The point is, it was a good time, but not all of my friends decided to remain sober…or tipsy, basically a few got trashed. As the sober friend, this leads to a bit of a dilemma. Hanging out with tipsy people while sober, especially if you’re already out, can be fun, but once they start getting out of hand, it’s pretty obvious who the responsibility falls to: it’s you, sober friend.
As my best friend has been there for me through drunk-crying, drunk-flirting, and my worst sick-drunk night ever, when the alcohol hit her, I couldn’t pity myself; I had to be there for her. It is difficult though, so here are a few tips:
- Set an example. It can be good to have a sober friend who sets a precedent that they can have fun without being drunk. If you can keep having a good time, the mood will stay up, and it might make it easier to convince that one friend to switch to water!
- Water. Speaking of it, get it. Even if people aren’t thirsty, it will help slow them down, but even if they are past the point where slowing down will matter, having some water will be helpful in the morning too.
- Cab it home. Ugh, I really hate the idea of paying more than my 2.75 subway fare to get home, but rather than trying to walk a friend to a subway station and then having a long ride, sometimes you have to splurge (This weekend ours was only 13 dollars split between 5 people, I think it was worth it.)
- Stick together. Drunk people are always doing weird things, like running off, which is obviously dangerous.

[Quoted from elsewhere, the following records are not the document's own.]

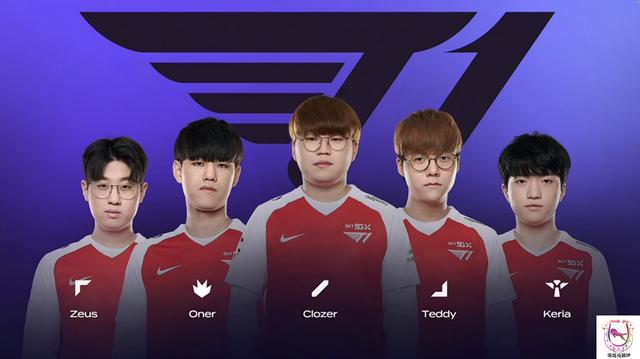 后续不得不 后续不得不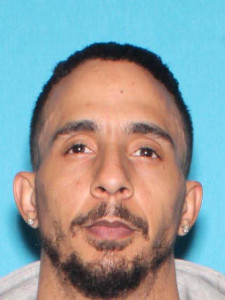 Paul Douglas Jones a registered Sex Offender of Michigan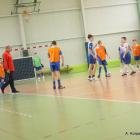 zdjęcie nr 17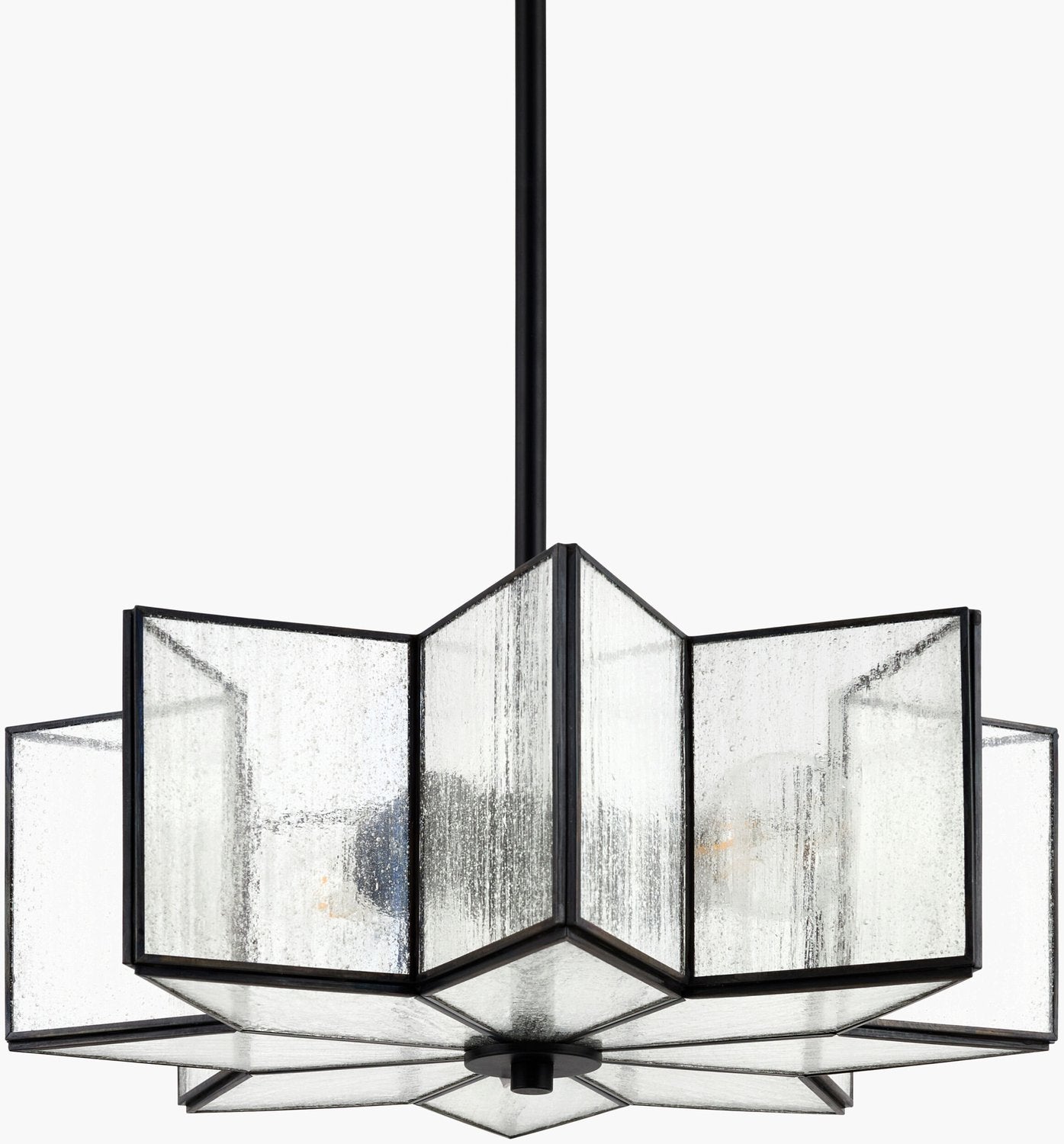SURYA, MORELLA PENDANT, PENDANT LIGHT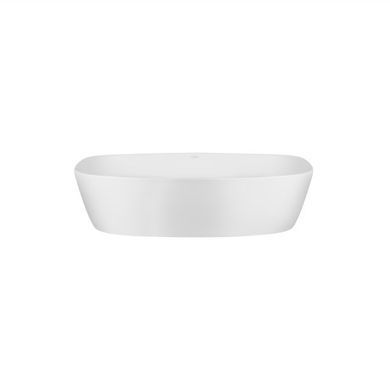 Раковина QTAP CARDINAL 40х60 (QT04117060TW)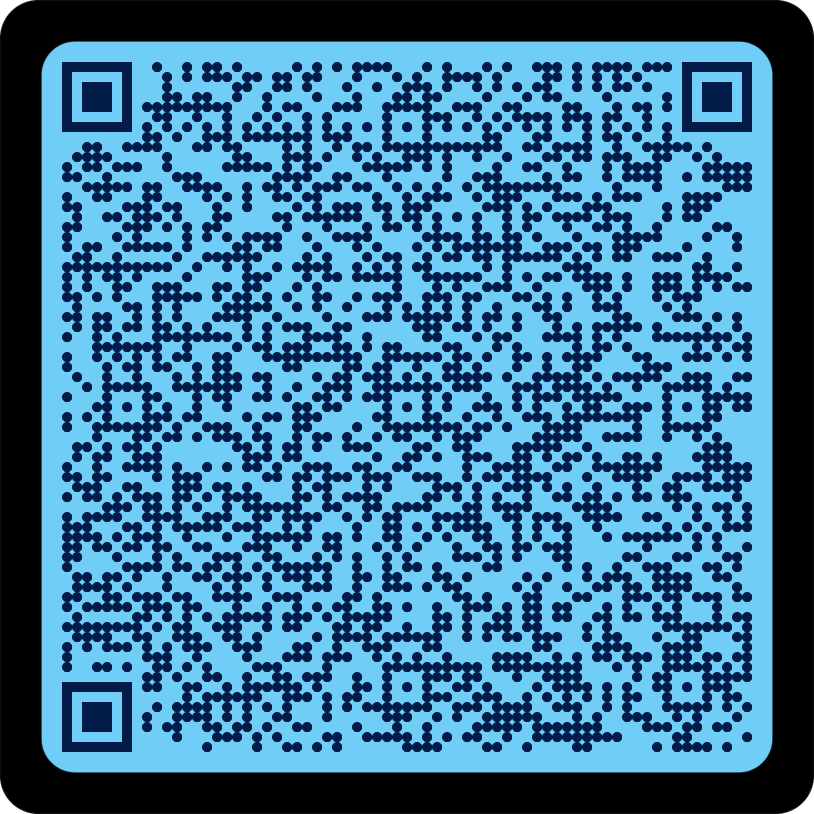 Scan to Save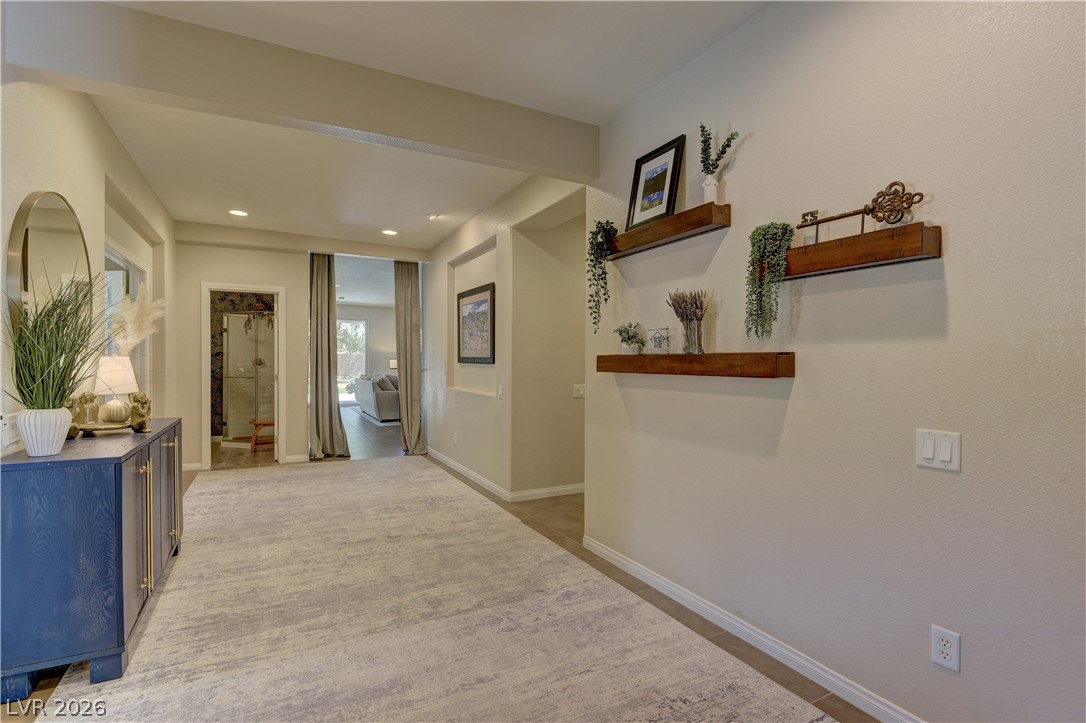 Photo 6 of 41, 11258 Rising Ridge Avenue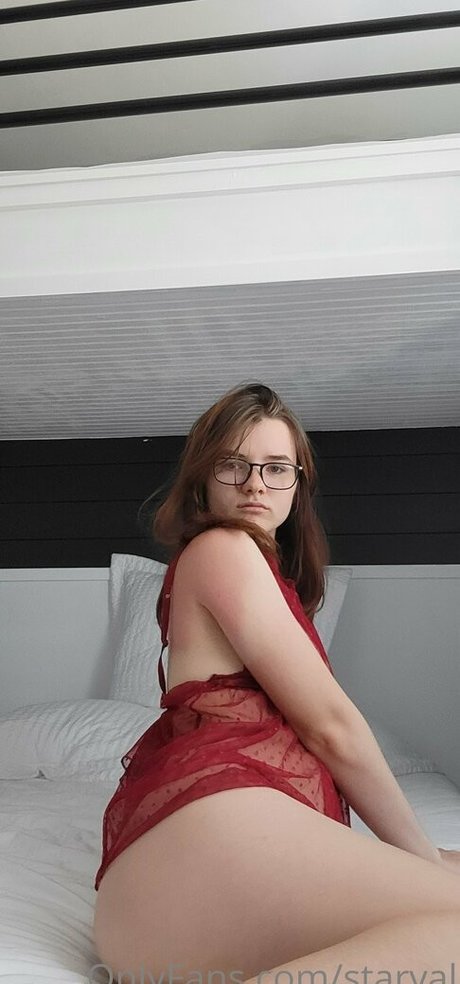 mamibun star hot image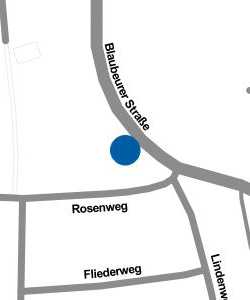 Vorschau: Karte von arzt tübingen moltkestraße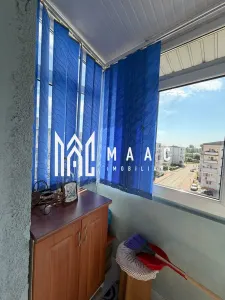 Apartament 2 camere Babeni - poza 7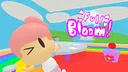 Full Bloom Screenshot 0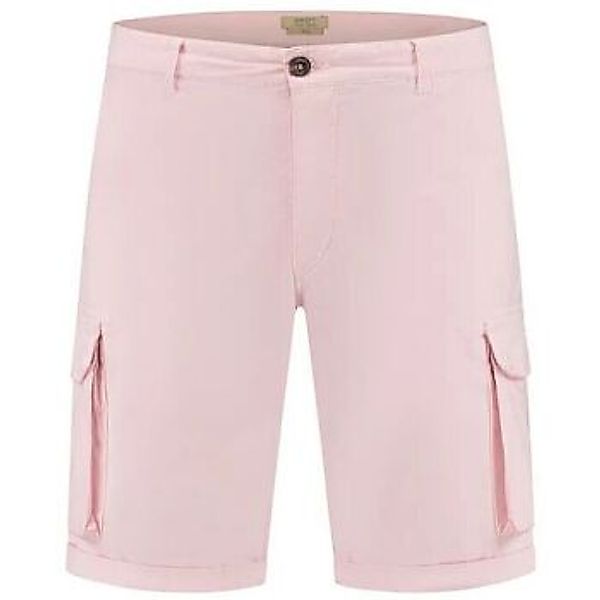 40weft  Shorts 88102 günstig online kaufen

Also, I’ve noticed that if a friend has any control, they’ll try to be covert about their vomiting (because it can be embarrassing) You might not want to see it, but it’s good to know that someone is at that point, so stay with them.

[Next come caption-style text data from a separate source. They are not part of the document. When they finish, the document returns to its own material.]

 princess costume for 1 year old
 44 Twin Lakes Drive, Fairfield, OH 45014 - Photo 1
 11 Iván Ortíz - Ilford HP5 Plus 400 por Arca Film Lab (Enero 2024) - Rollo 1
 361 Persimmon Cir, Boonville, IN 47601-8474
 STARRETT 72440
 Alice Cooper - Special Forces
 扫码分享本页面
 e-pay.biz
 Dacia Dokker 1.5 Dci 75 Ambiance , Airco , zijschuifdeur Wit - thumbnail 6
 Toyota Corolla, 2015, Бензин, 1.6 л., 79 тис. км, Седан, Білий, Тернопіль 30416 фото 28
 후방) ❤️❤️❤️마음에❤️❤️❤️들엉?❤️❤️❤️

- Be fueled by the energy. You don’t necessarily need to take care of everyone just because you’re sober. If your friends are not at the point where they need to be super-supervised, you can still reap the benefits of the social lubricant. If all of your friends are dancing crazy and you’re still feeling awkward, just follow their alcohol-fueled lead-no one has to know that you’re the sober one at first glance.
- Get everyone to bed. This actually benefits you. You don’t want to wake up the next day realizing that you aren’t sure that some friends made it safely back-laying on their sides with a trash can by the bed-so do yourself a favor and get them to bed before you tuck yourself in.
The moral is: you can still have a good time while doing the tough job of keeping everyone alive.